◆ **YOUR OBJECTIVE**:
Your job with the data below: print everything from the line that holds "Villa Marina Добра-Вода Экстерьер фото" down to the line that holds "Gazetka promocyjna Lidl str. 25", ends included, exactly, and nothing else.

◆ **DATA SUPPLIED**:
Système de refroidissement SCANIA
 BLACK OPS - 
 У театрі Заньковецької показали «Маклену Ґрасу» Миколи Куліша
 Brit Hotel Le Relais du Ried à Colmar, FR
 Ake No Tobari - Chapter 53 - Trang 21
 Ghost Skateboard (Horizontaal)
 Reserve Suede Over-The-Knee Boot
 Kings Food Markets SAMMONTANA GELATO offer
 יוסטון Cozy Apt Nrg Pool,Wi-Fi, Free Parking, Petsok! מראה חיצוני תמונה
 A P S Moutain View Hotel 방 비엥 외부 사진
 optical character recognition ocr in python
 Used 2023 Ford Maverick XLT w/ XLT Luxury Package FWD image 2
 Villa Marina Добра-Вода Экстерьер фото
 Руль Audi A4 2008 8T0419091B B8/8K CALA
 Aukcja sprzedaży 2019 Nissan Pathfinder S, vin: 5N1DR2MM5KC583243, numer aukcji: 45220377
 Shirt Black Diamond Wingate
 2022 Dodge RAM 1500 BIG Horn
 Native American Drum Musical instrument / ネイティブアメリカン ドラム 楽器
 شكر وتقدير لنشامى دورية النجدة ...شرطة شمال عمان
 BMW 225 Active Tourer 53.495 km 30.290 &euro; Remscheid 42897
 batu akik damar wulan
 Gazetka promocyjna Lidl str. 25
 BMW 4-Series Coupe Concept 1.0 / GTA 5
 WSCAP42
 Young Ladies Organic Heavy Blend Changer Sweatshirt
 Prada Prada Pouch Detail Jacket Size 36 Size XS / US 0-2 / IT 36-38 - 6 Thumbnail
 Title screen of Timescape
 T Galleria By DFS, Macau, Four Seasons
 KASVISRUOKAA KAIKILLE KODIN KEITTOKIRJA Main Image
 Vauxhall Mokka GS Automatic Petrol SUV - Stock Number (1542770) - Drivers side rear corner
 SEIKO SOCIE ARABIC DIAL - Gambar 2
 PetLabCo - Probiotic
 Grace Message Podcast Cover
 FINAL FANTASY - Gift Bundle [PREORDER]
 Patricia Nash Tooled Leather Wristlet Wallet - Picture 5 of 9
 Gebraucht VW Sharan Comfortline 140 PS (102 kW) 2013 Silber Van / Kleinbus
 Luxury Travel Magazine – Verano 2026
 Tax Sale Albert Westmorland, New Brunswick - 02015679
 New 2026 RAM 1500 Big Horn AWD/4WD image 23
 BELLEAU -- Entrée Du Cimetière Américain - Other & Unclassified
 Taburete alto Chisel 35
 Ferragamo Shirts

◆ **SOLUTION TO THIS EXERCISE**:
 Villa Marina Добра-Вода Экстерьер фото
 Руль Audi A4 2008 8T0419091B B8/8K CALA
 Aukcja sprzedaży 2019 Nissan Pathfinder S, vin: 5N1DR2MM5KC583243, numer aukcji: 45220377
 Shirt Black Diamond Wingate
 2022 Dodge RAM 1500 BIG Horn
 Native American Drum Musical instrument / ネイティブアメリカン ドラム 楽器
 شكر وتقدير لنشامى دورية النجدة ...شرطة شمال عمان
 BMW 225 Active Tourer 53.495 km 30.290 &euro; Remscheid 42897
 batu akik damar wulan
 Gazetka promocyjna Lidl str. 25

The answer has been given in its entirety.